Speculators knew that the government with limited reserves could not play the game for long. That is when the State Bank pulled the second lever; it began to raise interest rates.
When there was no let up in the capital flight the government put a lid on the amount of cash that could be taken out. But still the rupee continued to slide so the government decided to approach the UAE government for the remaining $800 million proceeds from the PTCL privatisation to build reserves. Pakistan’s economic competitiveness has been in steady decline over the years.
Today the country ranks 133rd out of 148 surveyed. This means that most goods are now not viable for production in Pakistan and the few that are, are fast losing their shine. This applies to not just manufactured goods but many of our farm products as well.
In a free trade world, this situation places Pakistan at a major disadvantage. A free trade agreement with China has brought an influx of Chinese goods but very little has gone in the opposite direction. Going forward, the situation for Pakistan looks set to worsen.
Two factors have brought us to this pass. One is the failure to develop indigenous energy resources. Today a substantial part of our import bill is fuel. The second and far more serious has been our failure to develop efficient, world beating industries in some key sectors (with few exceptions like cement, fertiliser and textile spinning).
The path taken by Japan and other high-performing Asian ‘Tiger’ economies, all of which were energy deficient, required them to first accumulate capital, then deploy that capital efficiently in a few sectors and finally pursue rapid technological catch-up with the West.
This was done on the back of a high standard of national education and a high domestic savings rate. In Pakistan these factors were not present.
A third ingredient was central planning, which in laissez faire capitalist economies plays a limited but vital role. Once a national economic vision is spelt out, the Five Year Plan is the instrument that helps direct scarce economic resources and necessary interventions supported with enabling policies towards sectors that have to be built.
Pakistani firms also do not spend much on R&D, preferring instead to buy licensed technologies or turnkey industrial solutions.
So at this stage can anything be done? The difficulty is that after decades of inaction and decay we are left with very little strategic space to work with. The upside is that Pakistan’s large domestic market still makes this an attractive place to do business.

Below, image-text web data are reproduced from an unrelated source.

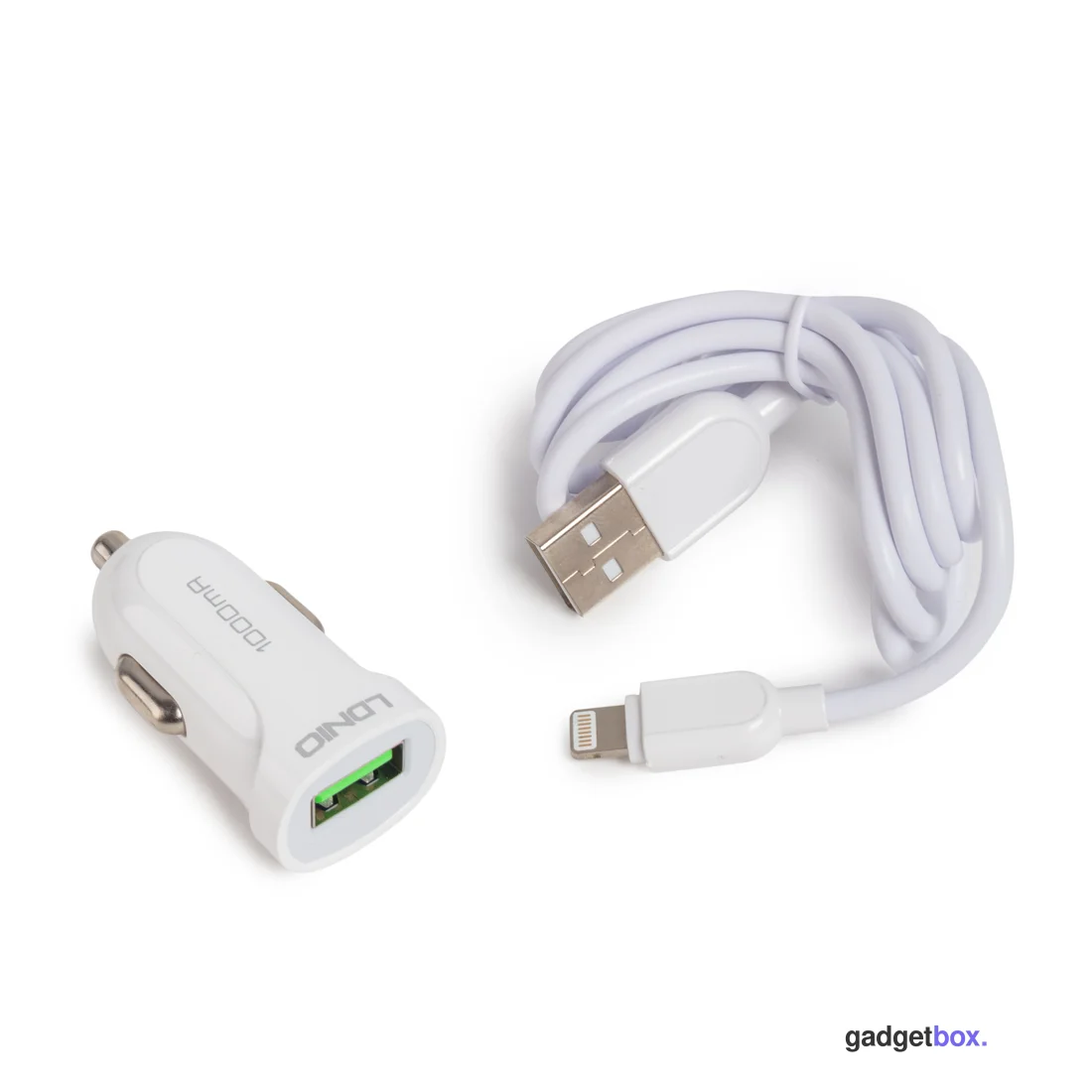 Автомобильное зарядное устройство LDNIO DL-C17 1*USB Lightning Белый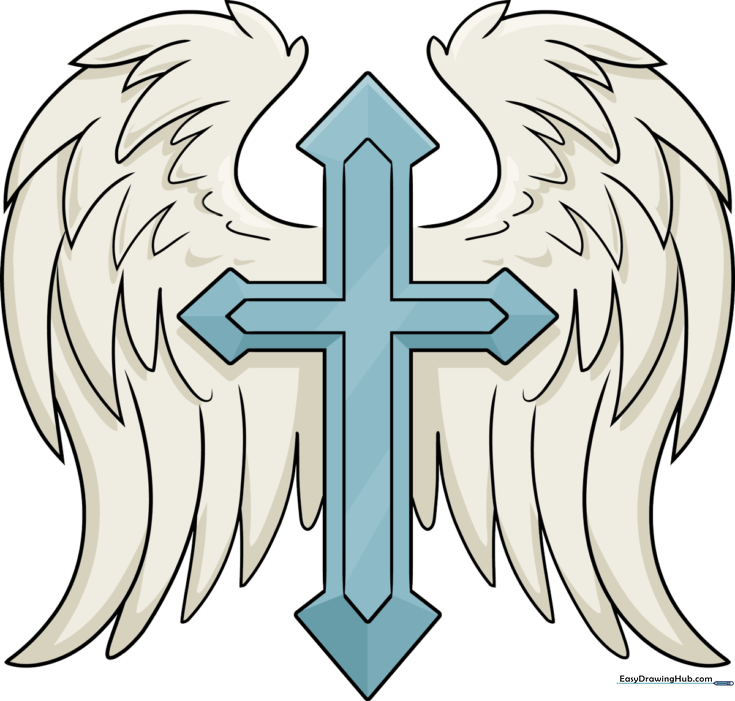Cross with Wings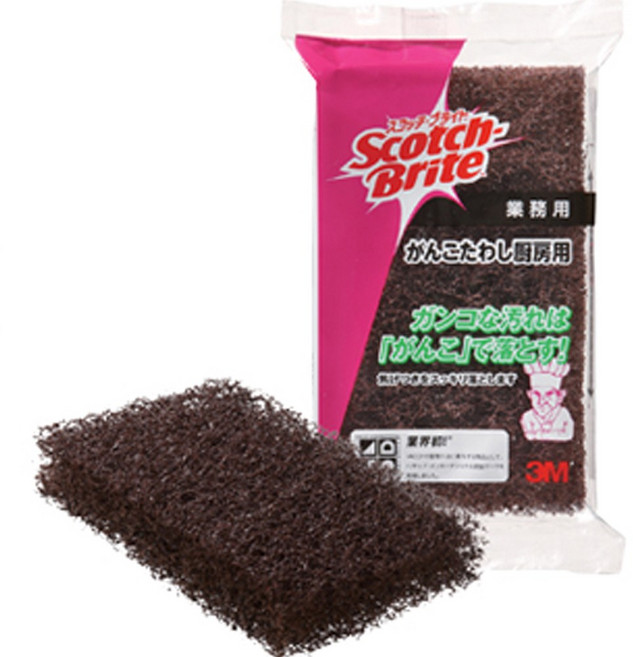 3M 스카치브라이트 강코 수세미 핑크 탄냄비수세미 탄냄비세척 해썹인증 강력 1개입, 1개, 1개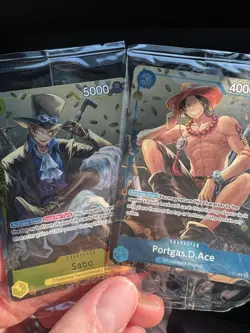 One Piece Mini Tin Promo Vol 2 Set of 3 Op-13 Sabo (X2) and Ace (X1) New Sealed - Image 1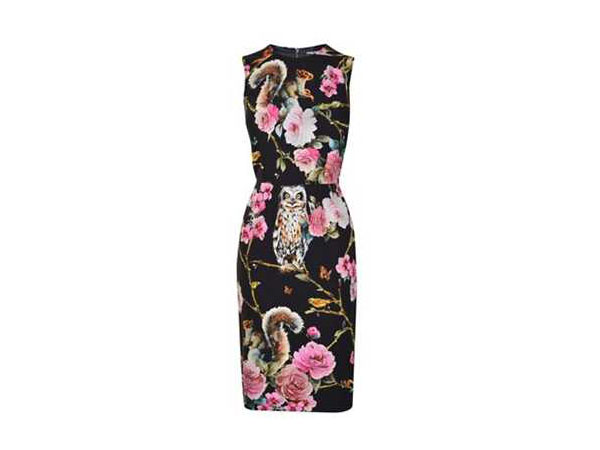 Forest pencil dress from Dolce and Gabbana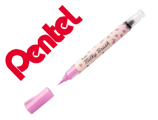 Pincel Pentel Milky Brush Cor Pastel Violeta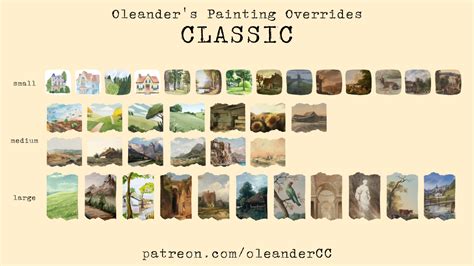 Oleander — Oleanders Sims 4 Painting Overrides This File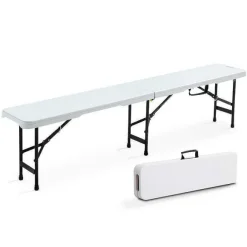 Cheap RETIF Banc Pliant 3 Pers. Hdpe Blanc +Lock System Rekkem 182X27,8X43 Cm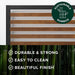 Kai Bamboo and Metal Platform Bed Frame, Sturdy Steel Frame, Queen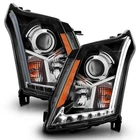 Black Projector Headlights For 2010-2016 Cadillac Srx W/ Halogen New. Price: $419.99.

Selecting winners and losers, resisting pressure from vested interest when their privilege gets taken away, refusing to backtrack once a decision is made, preventing mission creep, ie saying ‘NO’ to pressure for inclusion of more and more sectors to the list, implementing the necessary reforms, bringing the full force of law to deal with violent religiously inspired groups that impose an economic cost on business activity and shatter confidence.
The commodity most needed is political will, and as of now, that is the commodity that is in short supply.